**WHAT NEEDS TO BE DONE:** In the entries below, find the lines that contain the word "Beach" and copy them.
⟨
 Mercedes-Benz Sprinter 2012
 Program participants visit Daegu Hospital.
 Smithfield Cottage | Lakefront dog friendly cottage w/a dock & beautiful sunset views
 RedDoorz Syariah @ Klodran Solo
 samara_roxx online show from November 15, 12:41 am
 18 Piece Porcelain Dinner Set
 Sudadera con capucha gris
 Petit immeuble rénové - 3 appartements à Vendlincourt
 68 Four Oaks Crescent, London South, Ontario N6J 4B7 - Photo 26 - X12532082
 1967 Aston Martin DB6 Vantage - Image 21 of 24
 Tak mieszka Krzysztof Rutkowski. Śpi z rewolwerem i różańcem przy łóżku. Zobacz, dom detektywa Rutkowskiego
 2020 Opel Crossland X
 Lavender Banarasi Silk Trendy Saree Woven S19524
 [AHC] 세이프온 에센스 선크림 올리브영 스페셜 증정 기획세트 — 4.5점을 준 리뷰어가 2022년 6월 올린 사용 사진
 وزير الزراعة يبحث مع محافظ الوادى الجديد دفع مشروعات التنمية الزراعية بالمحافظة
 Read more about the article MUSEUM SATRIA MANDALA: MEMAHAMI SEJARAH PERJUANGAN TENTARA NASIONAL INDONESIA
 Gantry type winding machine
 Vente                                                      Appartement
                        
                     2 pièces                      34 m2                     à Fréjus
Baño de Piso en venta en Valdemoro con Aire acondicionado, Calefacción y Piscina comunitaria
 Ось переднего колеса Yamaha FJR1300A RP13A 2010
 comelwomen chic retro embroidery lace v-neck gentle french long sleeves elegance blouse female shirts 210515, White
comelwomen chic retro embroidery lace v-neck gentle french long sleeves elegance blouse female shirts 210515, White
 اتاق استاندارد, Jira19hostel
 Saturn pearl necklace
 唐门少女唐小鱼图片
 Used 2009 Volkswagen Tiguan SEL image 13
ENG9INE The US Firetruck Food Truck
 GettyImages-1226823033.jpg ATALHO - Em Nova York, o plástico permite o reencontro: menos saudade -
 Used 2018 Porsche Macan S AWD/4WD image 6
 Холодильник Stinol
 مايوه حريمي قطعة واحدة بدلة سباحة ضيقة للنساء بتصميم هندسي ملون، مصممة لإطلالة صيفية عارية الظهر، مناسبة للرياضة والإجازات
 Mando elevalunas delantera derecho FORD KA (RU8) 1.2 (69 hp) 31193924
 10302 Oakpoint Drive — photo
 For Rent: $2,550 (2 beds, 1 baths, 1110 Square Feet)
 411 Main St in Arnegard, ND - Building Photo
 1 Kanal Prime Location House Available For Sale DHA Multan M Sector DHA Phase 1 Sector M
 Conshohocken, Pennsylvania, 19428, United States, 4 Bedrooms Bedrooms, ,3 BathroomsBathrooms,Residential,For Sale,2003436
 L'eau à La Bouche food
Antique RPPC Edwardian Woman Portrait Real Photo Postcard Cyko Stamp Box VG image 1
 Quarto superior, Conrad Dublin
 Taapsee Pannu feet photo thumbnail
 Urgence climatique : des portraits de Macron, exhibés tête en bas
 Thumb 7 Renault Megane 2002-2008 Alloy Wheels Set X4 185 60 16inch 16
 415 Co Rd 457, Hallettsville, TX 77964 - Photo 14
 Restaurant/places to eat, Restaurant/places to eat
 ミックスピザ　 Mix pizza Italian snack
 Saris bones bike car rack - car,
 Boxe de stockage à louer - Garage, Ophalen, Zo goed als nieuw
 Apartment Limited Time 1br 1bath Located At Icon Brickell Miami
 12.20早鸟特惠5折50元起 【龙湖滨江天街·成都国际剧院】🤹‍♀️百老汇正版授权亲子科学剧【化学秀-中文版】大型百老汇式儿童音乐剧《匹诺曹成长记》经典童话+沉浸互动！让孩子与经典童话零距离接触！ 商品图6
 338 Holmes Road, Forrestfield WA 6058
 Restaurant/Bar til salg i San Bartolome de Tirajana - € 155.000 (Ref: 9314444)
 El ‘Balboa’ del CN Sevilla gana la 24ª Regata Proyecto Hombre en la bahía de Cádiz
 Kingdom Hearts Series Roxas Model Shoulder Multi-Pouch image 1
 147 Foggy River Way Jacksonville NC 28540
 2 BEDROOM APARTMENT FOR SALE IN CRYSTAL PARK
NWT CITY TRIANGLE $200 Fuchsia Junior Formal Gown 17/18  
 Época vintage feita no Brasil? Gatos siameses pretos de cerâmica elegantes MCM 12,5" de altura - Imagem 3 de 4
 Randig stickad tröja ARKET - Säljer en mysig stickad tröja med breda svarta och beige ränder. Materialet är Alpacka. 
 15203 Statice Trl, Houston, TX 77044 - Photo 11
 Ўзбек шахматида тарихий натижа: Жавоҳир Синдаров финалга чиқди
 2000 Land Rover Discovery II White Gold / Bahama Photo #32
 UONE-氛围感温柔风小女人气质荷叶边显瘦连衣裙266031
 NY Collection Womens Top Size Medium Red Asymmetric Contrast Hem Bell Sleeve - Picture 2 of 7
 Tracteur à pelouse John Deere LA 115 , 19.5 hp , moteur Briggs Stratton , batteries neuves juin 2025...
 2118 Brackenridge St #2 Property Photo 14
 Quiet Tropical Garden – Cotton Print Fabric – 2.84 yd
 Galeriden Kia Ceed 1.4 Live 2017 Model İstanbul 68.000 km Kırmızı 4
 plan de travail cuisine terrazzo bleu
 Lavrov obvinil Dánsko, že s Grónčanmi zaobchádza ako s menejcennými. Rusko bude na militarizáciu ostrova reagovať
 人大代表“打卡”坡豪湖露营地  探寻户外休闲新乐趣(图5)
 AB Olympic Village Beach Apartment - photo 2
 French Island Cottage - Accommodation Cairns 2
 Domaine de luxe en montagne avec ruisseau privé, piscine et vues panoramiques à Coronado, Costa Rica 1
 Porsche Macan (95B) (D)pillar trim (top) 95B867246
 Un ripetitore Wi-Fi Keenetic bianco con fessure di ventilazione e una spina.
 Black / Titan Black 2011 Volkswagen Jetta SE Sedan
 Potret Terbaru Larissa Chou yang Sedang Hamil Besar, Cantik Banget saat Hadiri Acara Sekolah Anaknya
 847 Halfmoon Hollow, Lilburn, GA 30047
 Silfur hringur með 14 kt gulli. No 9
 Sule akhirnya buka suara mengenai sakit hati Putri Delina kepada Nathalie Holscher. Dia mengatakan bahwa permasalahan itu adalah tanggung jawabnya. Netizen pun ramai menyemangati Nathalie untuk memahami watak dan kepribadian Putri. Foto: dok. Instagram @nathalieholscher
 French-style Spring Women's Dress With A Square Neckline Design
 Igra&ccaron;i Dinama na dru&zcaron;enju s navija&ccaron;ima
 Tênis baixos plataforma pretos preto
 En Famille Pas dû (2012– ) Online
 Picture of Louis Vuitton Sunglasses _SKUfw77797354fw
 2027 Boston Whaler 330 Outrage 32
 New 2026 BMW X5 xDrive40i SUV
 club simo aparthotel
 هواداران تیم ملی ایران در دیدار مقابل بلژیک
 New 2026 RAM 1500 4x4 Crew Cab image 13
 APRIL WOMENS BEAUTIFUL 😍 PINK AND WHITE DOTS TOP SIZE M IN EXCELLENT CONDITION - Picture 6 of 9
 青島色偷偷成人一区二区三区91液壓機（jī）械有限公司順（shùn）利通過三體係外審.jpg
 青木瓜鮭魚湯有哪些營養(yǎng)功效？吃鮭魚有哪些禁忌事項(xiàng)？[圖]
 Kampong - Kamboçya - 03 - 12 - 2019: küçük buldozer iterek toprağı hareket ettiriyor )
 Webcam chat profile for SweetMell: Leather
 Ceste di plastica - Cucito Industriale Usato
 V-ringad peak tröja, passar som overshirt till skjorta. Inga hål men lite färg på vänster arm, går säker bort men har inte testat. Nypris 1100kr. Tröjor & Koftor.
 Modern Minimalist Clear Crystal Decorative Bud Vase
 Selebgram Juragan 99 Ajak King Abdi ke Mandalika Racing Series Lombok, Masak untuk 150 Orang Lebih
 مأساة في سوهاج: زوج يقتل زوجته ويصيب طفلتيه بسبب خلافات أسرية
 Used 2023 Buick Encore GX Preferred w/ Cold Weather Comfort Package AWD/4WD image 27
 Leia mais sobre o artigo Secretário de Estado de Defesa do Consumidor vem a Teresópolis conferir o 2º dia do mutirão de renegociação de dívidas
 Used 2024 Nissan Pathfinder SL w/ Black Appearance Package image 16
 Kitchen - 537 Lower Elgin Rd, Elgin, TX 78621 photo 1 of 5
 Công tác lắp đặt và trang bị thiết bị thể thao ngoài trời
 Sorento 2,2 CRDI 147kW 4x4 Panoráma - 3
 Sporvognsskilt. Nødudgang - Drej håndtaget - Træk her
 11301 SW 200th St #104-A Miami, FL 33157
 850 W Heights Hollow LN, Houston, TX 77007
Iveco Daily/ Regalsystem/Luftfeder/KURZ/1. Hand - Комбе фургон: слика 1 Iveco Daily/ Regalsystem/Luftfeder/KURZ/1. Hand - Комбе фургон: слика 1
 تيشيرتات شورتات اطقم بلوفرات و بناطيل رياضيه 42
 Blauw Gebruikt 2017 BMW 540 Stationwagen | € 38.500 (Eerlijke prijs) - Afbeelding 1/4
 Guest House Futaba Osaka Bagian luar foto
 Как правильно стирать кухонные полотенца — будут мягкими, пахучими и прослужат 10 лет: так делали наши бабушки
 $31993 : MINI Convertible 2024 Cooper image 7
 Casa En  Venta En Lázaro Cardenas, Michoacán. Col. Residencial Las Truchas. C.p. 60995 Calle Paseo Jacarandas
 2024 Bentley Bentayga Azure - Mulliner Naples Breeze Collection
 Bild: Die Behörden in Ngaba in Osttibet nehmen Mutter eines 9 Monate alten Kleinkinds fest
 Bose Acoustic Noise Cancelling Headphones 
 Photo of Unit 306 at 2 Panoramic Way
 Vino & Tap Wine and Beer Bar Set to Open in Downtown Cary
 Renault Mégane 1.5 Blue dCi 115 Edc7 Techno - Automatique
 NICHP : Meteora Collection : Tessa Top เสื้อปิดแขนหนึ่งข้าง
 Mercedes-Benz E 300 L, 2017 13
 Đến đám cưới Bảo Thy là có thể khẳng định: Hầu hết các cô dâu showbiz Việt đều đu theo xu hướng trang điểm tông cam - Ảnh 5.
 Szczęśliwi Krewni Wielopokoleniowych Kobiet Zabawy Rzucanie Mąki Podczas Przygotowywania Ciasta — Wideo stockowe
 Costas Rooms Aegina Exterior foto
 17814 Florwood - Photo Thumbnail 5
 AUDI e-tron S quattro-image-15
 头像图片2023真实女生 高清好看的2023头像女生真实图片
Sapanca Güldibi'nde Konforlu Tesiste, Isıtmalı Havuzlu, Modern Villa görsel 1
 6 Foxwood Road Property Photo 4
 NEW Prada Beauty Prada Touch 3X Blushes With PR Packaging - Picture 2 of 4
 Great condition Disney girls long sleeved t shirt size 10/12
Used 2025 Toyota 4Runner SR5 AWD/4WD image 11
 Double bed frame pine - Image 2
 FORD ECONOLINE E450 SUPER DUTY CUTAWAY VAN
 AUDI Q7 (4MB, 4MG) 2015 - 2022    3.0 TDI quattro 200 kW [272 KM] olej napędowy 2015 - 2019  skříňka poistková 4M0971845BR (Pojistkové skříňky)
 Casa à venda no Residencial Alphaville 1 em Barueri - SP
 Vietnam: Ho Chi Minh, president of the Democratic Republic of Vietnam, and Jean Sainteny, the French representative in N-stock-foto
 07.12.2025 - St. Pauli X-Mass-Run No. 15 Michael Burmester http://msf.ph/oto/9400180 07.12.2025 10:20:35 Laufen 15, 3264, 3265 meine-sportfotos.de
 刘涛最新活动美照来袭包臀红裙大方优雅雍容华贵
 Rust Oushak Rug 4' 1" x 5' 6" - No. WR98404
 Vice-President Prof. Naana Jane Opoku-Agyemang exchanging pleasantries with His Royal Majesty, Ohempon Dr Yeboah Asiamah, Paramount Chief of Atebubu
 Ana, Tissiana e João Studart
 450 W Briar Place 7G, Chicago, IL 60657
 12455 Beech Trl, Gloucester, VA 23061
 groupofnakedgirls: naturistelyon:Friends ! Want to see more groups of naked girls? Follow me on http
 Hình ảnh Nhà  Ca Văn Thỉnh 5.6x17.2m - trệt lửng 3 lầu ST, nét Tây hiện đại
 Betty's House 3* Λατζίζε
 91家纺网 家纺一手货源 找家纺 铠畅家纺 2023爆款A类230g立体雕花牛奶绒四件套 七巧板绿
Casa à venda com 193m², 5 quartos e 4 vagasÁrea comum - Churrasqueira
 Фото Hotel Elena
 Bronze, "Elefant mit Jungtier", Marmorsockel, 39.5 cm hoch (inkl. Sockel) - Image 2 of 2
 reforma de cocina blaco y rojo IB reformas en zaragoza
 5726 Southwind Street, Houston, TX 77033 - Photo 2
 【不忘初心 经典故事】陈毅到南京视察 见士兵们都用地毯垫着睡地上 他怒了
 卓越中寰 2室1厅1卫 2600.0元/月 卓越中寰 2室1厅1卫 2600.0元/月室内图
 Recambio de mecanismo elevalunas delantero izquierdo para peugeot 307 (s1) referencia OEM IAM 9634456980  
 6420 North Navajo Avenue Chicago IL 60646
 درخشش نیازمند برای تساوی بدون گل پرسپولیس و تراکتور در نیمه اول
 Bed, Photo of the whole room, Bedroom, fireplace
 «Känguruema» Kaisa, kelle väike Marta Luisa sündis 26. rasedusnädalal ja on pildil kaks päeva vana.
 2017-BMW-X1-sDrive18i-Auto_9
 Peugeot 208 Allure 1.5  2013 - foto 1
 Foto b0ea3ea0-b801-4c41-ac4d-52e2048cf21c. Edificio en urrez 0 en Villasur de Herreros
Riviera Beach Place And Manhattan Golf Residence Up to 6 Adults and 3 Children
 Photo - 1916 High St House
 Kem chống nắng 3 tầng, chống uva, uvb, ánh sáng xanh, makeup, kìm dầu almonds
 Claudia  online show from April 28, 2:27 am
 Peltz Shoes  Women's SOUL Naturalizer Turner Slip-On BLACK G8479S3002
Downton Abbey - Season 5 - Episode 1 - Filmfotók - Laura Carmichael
⟩
**RESULT OF THE TASK:**
 AB Olympic Village Beach Apartment - photo 2
Riviera Beach Place And Manhattan Golf Residence Up to 6 Adults and 3 Children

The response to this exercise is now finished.